ASSIGNED TASK:
The reply should hold every line of the listing exactly, and none of its images.

AVAILABLE DATA:
========================================

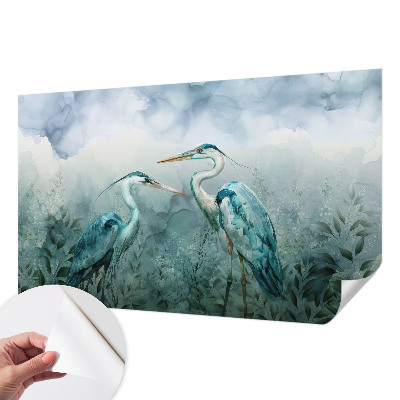 Foto behang voor de keuken met een patroon van vogels en natuurelementen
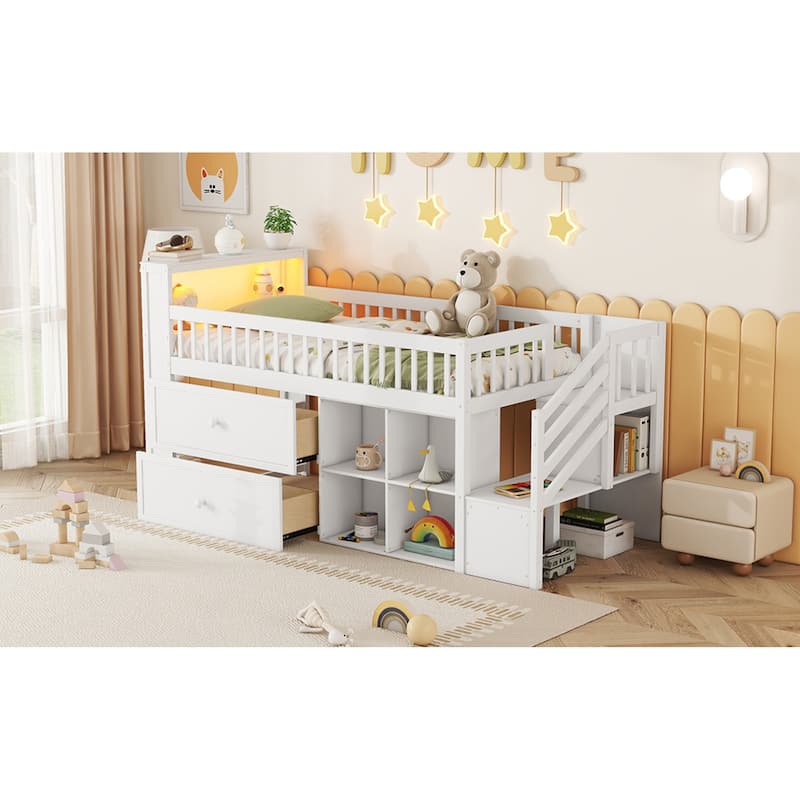 Roomfitters Twin Low Loft Platform Bed, LED Bookshelf and Storage Drawers with Wooden Frame for Bedroom or Guest Room, White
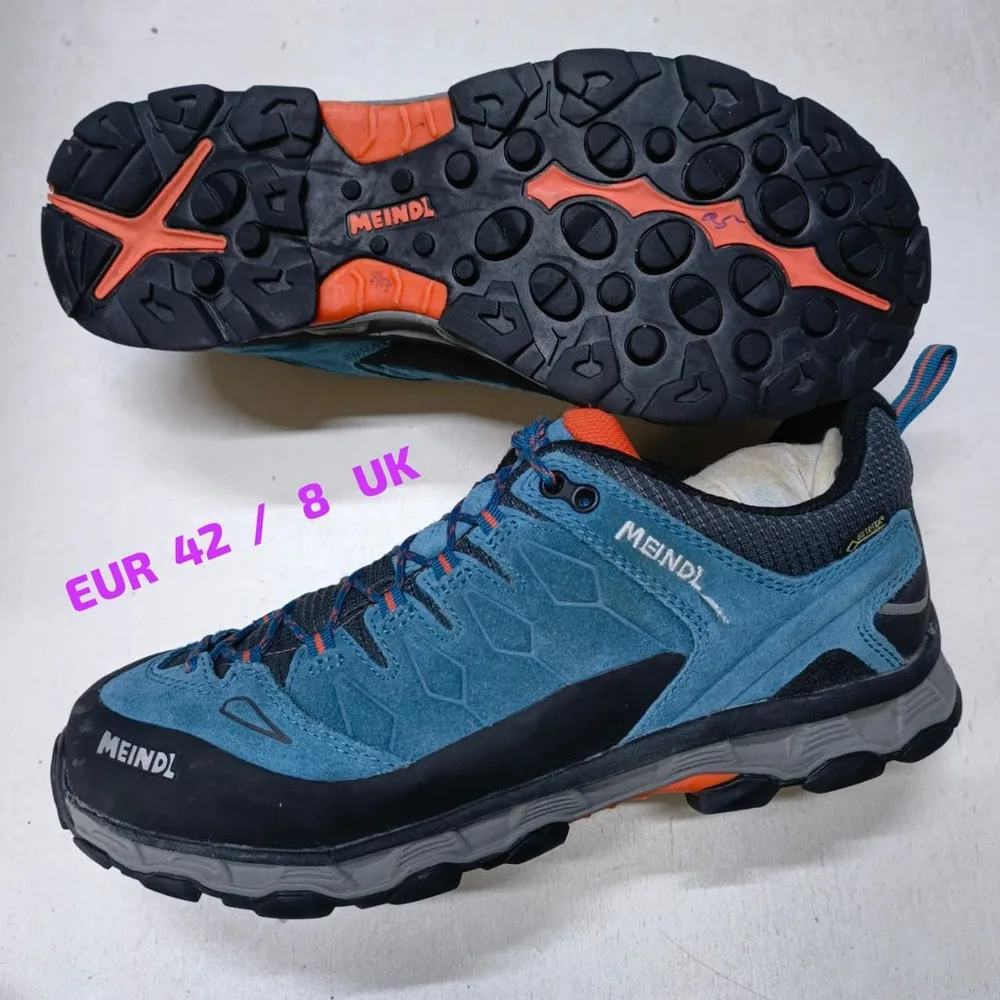 Meindl Meindl Petrol Blue Suede Hiking Shoe — Petrol Blue / Black / Orange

========================================

REPLY TO THE EXERCISE:
 Foto behang voor de keuken met een patroon van vogels en natuurelementen
 Roomfitters Twin Low Loft Platform Bed, LED Bookshelf and Storage Drawers with Wooden Frame for Bedroom or Guest Room, White
 Meindl Meindl Petrol Blue Suede Hiking Shoe — Petrol Blue / Black / Orange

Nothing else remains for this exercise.